RECORDS SUPPLIED Block Start

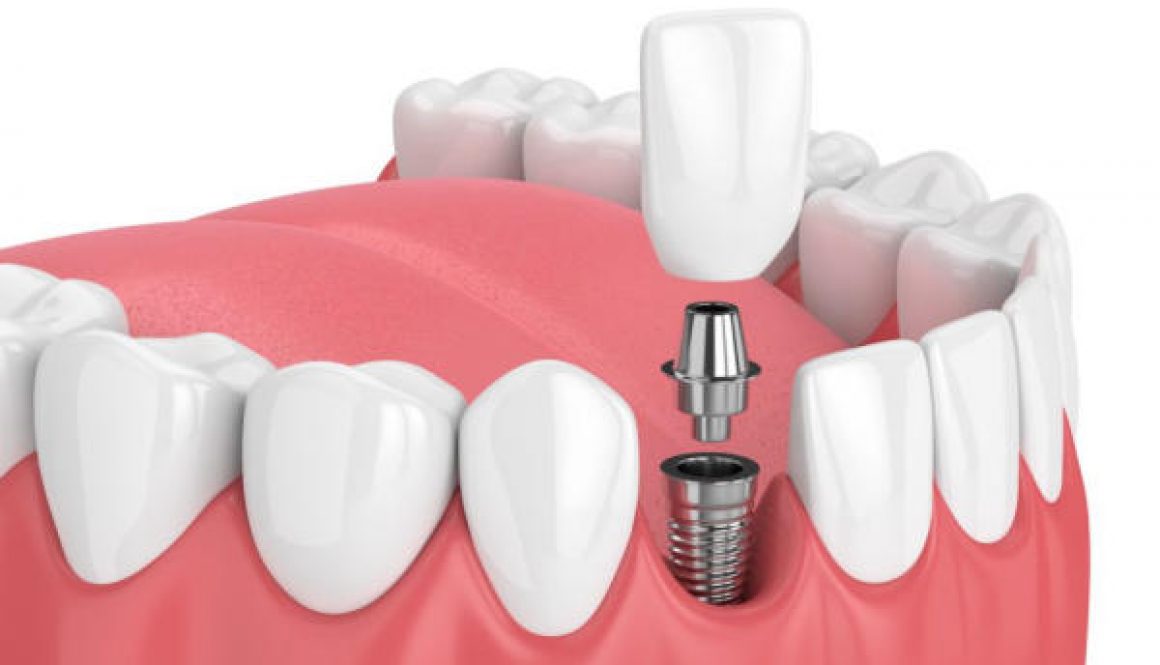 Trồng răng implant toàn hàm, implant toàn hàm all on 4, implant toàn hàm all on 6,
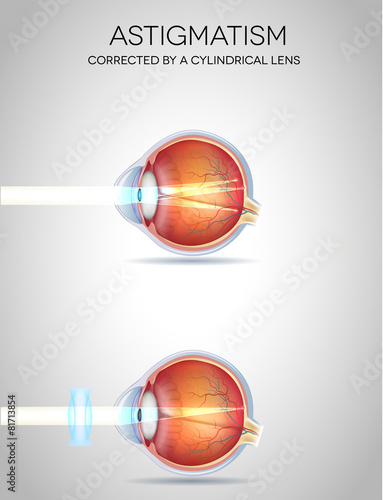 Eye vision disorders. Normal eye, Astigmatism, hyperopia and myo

RECORDS SUPPLIED Block End
RECORDS SUPPLIED Block Start

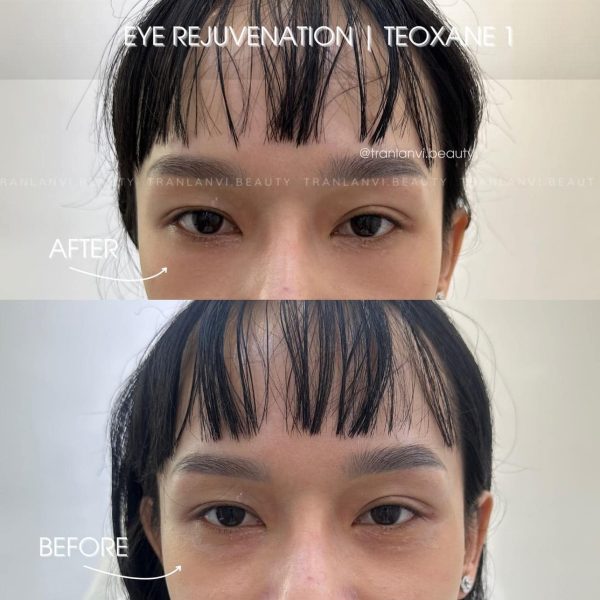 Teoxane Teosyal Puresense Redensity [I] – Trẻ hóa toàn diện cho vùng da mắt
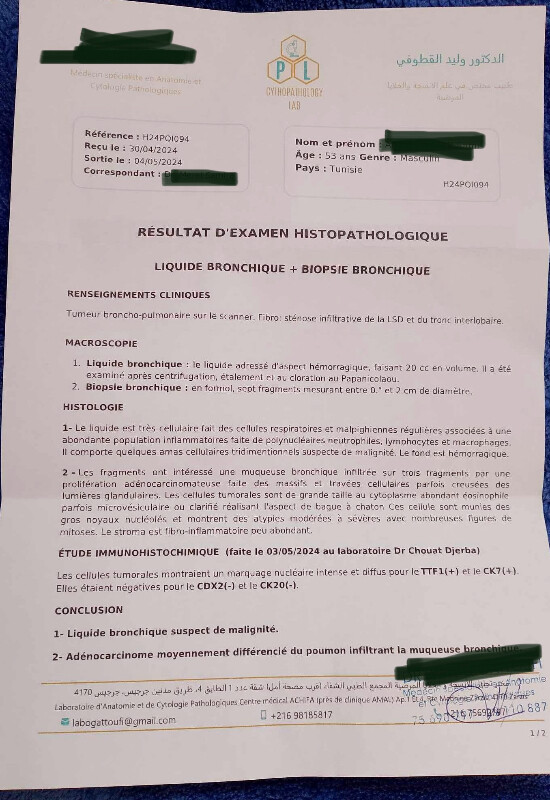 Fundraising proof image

RECORDS SUPPLIED Block End

(ASSIGNMENT)
Only the lines starting at the one that includes "Teoxane Teosyal Puresense" and ending at the one that includes "Fundraising proof image" should be retyped, exactly, from the records above; no pictures.

(OUTPUT BELOW)
 Teoxane Teosyal Puresense Redensity [I] – Trẻ hóa toàn diện cho vùng da mắt
 Fundraising proof image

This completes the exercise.